▶ [TASK INPUTS]:
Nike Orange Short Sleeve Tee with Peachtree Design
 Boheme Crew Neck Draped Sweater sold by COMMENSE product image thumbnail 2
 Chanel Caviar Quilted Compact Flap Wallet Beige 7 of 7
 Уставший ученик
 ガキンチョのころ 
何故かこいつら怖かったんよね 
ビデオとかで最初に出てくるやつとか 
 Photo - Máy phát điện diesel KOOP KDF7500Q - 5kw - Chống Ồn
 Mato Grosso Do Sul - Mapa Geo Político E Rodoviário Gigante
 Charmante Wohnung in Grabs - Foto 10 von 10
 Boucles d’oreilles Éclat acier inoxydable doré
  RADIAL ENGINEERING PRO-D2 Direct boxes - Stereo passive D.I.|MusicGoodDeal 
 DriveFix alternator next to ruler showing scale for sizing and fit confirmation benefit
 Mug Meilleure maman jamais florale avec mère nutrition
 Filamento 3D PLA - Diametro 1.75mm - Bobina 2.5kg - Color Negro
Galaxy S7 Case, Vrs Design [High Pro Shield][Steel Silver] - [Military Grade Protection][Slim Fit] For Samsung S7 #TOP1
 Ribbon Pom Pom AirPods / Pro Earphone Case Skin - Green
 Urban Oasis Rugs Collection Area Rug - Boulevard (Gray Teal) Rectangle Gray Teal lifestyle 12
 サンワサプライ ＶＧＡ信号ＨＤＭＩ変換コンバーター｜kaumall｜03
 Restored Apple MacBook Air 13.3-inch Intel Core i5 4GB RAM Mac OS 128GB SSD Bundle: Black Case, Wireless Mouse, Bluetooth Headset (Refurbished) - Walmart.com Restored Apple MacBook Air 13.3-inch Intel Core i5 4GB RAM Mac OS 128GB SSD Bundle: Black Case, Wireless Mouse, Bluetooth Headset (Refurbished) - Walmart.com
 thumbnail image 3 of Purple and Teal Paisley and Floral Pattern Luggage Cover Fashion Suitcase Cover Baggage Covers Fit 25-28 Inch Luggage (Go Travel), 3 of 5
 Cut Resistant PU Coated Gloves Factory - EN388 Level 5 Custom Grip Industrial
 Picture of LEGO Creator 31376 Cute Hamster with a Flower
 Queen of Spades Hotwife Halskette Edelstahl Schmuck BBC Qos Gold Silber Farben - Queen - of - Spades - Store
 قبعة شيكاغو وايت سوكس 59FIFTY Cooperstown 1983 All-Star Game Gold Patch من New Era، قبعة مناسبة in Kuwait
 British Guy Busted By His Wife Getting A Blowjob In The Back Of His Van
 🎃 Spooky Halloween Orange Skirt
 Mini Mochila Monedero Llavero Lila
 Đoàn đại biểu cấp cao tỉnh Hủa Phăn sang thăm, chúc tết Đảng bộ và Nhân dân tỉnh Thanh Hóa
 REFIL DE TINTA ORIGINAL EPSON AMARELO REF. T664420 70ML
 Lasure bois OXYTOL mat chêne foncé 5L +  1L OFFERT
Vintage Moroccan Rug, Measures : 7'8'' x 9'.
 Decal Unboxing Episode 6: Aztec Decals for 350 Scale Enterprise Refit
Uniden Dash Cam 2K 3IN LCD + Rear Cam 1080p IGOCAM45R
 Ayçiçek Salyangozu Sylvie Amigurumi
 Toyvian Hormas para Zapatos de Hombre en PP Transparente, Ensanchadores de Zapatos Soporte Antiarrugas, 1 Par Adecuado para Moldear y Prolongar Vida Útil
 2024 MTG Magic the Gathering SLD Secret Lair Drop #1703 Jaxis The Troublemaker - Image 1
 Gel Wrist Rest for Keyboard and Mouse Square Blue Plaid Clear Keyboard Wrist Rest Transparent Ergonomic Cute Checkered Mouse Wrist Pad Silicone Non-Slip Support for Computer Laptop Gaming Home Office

▶ [ABOUT THIS EXERCISE]: Copy out every line from the material above where the string "thumbnail" turns up.

▶ [SOLUTION FOR THIS TASK]:
 Boheme Crew Neck Draped Sweater sold by COMMENSE product image thumbnail 2
 thumbnail image 3 of Purple and Teal Paisley and Floral Pattern Luggage Cover Fashion Suitcase Cover Baggage Covers Fit 25-28 Inch Luggage (Go Travel), 3 of 5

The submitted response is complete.